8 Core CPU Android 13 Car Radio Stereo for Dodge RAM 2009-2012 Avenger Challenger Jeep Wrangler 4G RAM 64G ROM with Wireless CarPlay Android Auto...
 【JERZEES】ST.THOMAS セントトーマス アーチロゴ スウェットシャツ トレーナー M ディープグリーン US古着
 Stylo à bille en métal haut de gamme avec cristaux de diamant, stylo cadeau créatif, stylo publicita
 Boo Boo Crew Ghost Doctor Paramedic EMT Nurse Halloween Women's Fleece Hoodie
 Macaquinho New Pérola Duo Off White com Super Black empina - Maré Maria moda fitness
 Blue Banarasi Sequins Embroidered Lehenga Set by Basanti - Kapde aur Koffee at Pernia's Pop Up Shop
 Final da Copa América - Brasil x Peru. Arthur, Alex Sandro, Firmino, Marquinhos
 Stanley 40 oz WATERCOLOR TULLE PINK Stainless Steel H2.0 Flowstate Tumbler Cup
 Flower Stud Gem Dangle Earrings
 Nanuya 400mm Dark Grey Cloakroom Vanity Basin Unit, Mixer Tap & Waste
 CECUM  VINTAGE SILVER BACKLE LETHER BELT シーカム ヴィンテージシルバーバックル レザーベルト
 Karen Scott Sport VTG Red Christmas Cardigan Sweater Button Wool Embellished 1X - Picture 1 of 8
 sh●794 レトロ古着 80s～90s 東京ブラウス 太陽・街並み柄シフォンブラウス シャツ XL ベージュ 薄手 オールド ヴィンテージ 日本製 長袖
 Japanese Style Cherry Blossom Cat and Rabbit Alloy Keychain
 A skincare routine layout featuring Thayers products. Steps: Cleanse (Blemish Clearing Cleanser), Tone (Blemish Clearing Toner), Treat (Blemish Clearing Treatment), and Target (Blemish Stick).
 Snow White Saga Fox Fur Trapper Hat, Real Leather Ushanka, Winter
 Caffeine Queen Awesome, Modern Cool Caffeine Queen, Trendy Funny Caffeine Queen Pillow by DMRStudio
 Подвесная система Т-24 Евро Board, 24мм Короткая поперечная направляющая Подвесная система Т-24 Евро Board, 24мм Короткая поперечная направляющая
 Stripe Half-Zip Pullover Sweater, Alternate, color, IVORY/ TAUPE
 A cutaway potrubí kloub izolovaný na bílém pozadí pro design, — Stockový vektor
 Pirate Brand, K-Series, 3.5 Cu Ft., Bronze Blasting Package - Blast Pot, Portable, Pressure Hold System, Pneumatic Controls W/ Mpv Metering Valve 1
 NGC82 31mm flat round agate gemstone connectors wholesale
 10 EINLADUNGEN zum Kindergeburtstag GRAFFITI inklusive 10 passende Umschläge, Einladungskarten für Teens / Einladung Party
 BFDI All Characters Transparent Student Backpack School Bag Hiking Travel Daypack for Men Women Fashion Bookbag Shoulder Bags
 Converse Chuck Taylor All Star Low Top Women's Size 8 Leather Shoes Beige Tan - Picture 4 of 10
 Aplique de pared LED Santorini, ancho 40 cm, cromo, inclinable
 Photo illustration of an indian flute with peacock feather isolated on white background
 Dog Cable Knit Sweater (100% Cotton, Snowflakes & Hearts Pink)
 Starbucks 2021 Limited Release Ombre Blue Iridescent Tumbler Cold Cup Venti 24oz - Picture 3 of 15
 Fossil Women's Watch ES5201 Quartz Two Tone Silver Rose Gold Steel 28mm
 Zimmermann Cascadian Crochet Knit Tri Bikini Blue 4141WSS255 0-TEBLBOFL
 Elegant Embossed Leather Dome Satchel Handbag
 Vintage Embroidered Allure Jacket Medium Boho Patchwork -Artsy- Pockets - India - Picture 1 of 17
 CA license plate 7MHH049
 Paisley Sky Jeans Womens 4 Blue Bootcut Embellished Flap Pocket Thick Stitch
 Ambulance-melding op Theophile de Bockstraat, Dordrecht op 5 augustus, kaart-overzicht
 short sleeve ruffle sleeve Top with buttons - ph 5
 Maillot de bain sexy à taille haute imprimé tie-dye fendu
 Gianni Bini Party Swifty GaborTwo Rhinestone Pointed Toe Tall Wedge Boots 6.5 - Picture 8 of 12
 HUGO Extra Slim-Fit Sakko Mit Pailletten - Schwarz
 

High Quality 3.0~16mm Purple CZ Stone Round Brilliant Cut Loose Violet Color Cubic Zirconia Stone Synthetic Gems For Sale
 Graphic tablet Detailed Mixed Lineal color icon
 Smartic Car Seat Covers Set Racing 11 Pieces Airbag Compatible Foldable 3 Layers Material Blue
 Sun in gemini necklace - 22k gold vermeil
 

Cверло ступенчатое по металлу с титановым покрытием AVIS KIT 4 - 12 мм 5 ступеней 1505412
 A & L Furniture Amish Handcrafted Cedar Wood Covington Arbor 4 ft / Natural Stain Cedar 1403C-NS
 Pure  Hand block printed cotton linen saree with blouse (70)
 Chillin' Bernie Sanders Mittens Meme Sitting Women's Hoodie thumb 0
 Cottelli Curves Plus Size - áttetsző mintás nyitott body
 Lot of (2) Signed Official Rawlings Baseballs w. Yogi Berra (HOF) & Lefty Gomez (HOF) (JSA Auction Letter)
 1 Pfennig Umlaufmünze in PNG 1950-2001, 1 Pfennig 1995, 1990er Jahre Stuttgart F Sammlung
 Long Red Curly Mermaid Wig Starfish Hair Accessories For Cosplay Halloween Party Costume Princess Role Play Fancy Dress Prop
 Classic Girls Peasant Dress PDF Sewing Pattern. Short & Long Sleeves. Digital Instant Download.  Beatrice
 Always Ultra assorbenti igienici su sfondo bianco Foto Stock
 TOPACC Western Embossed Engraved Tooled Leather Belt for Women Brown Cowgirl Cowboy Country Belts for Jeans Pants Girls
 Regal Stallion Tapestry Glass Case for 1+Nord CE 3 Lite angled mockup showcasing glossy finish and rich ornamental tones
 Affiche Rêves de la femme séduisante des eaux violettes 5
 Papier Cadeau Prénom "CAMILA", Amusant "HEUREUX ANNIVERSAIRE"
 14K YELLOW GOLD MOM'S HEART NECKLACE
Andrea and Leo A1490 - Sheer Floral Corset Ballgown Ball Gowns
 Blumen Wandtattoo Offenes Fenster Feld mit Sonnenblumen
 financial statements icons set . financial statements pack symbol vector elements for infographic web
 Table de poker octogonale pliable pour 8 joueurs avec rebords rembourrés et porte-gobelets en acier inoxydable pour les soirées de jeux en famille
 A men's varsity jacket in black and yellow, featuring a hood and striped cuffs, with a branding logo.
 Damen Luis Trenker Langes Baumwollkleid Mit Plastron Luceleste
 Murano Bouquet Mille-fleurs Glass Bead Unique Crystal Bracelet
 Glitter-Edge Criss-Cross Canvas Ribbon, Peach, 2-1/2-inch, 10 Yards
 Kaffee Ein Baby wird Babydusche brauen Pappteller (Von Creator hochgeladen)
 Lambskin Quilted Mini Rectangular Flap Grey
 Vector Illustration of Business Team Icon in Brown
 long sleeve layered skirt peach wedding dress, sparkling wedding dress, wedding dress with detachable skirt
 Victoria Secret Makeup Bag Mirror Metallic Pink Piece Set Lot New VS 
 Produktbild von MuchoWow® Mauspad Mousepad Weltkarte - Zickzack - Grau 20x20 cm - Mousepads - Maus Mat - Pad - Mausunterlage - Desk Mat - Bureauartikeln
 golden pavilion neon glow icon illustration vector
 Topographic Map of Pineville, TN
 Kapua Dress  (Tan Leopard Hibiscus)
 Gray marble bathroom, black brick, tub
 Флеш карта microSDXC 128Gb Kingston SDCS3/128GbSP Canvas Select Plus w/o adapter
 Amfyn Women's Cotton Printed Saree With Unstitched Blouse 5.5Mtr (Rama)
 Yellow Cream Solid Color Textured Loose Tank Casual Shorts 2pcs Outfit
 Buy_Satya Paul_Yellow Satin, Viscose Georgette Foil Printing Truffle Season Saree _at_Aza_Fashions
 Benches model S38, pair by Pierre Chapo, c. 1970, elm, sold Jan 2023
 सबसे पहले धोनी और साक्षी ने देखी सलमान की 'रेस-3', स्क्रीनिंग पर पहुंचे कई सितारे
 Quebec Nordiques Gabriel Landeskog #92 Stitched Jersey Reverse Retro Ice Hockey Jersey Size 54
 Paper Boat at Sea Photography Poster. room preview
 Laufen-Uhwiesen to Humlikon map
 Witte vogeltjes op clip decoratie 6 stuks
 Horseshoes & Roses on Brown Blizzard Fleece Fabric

::::::

Return only the lines between the one holding "sh●794 レトロ古着 80s～90s" and the one holding "A cutaway potrubí", inclusive, exactly as they appear above.

**Expected output**
 sh●794 レトロ古着 80s～90s 東京ブラウス 太陽・街並み柄シフォンブラウス シャツ XL ベージュ 薄手 オールド ヴィンテージ 日本製 長袖
 Japanese Style Cherry Blossom Cat and Rabbit Alloy Keychain
 A skincare routine layout featuring Thayers products. Steps: Cleanse (Blemish Clearing Cleanser), Tone (Blemish Clearing Toner), Treat (Blemish Clearing Treatment), and Target (Blemish Stick).
 Snow White Saga Fox Fur Trapper Hat, Real Leather Ushanka, Winter
 Caffeine Queen Awesome, Modern Cool Caffeine Queen, Trendy Funny Caffeine Queen Pillow by DMRStudio
 Подвесная система Т-24 Евро Board, 24мм Короткая поперечная направляющая Подвесная система Т-24 Евро Board, 24мм Короткая поперечная направляющая
 Stripe Half-Zip Pullover Sweater, Alternate, color, IVORY/ TAUPE
 A cutaway potrubí kloub izolovaný na bílém pozadí pro design, — Stockový vektor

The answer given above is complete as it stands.